Current implementation uses the LibCSP to communicate subsytems and the ground station. Linux port can use the LibCSP with ZMQ interface.

Visit http://spel.ing.uchile.cl to get latest news about SUCHAI project. Visit http://www.freertos.org/ to get FreeRTOS source code and documentation.
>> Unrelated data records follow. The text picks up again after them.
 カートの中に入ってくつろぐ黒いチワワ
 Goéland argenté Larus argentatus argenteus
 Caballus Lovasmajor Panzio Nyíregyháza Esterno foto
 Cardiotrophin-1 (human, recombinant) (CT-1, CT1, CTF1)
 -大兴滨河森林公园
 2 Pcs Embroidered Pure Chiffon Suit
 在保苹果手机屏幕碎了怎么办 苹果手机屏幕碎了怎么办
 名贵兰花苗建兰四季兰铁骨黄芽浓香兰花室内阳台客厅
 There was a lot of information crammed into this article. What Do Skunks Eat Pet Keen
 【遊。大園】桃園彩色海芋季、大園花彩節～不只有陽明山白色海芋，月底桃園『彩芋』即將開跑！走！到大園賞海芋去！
Visit https://github.com/libcsp/libcsp to get the latest version of the LibCSP.

More:

• Paper (en, open access): https://ieeexplore.ieee.org/document/8758807
• Bachelor thesis (es): http://tesis.uchile.cl/handle/2250/115307

Key features

• Highly extensible and modular command processor architecture.
• Ported to FreeRTOS and Linux.
• Designed for medium-range microcontrollers such as ATMEL AVR32, Espressif ESP32.
• Ported and tested on Raspberry PI.
• Can be used as Flight Software, Ground Station Software or general purpose embedded system firmware.
• Flight inheritance: SUCHAI I (Jun 2017)

Build status

• Build and test status: https://jenkins.spel.cl/
• Build visual status: https://data.spel.cl/
• Last software architecture image generated:

Build notes

SUCHAI flight software was designed to run in multiple embedded architectures using FreeRTOS. It was also ported to Linux to facilitate the development and debugging. Currently, it has been tested in the following OS/Architectures:

• Ubuntu 18.04, 20.04 (x86_64)
• ArchLinux, Manjaro Linux (x86_64)
• Raspbian 9 Stretch, 10 Buster (RPi 3, 3+, 4, ZeroW)
• FreeRTOS (ESP32, Nanomind A3200 AVR32UC3)

Linux build

Requirements

Linux's installation requires the following libraries:

Library name	Ubuntu and family	Archlinux and family
cmake >= 3.16	cmake	cmake
gcc >= 7.5	gcc	gcc
make >= 4.1	make	make
python2 >= 2.7.17	python	python2
zmq >= 4.2.5	libzmq3-dev	zeromq
pkg-config >= 0.29.1	pkg-config	pkgconf
(opt) sqlite >= 3.22	libsqlite3-dev	sqlite
(opt) libpq >= 10.17	libpq-dev	libpq-dev
(opt) cunit >= 2.1.3	libcunit1-dev	postgresql

Clone

Clone this repository

git clone https://gitlab.com/spel-uchile/suchai-flight-software.git
cd suchai-flight-software

Build

Use the cmake to easily install internal dependencies, create the settings header include/config.h and build the example app in apps/simple:

cmake -B build
cmake --build build

Use the -DAPP option to build another app inside the apps directory

cmake -B build -DAPP=simple
cmake --build build

Use -HL or check include/config.h.in to learn how to customize the build. Pass arguments with -D option. For example, select the log level and the storage mode with -DSCH_LOG and -DSCH_ST_MODE

cmake -B build -HL
cmake -B build -DSCH_LOG=INFO -DSCH_ST_MODE=SQLITE
cmake --build build

Run

Go to the app build folder ex: cd build/apps/simple and execute

cd build/apps/simple
./suchai-app

The output should be similar to

[INFO ][1625522858][Console] 
______________________________________________________________________________
                     ___ _   _  ___ _  _   _   ___ 
                    / __| | | |/ __| || | /_\ |_ _|
                    \__ \ |_| | (__| __ |/ _ \ | | 
                    |___/\___/ \___|_||_/_/ \_\___|
______________________________________________________________________________


[INFO ][1625522858][FlightPlan] Started
[INFO ][1625522858][Communications] Started
SUCHAI>

Type help to see the list of commands. Type \exit to exit the software.

Using ZMQ interface

In Linux, LibCSP uses the ZMQ interface to communicate different nodes. To pass messages between zmq_hub interfaces, we required a ZMQ Forwarder Device (Proxy) running in background. To start the ZMQ Forwarder server:

cd sandbox/csp_zmq
python3 zmqhub.py

It is possible to change the default ports (8001, 8002) and activate a monitor socket (8003) that will print all messages to stout using:

cd sandbox/csp_zmq
python3 zmqhub.py [-h] [-i IN_PORT] [-o OUT_PORT] [-m MON_PORT] [--mon] [--con]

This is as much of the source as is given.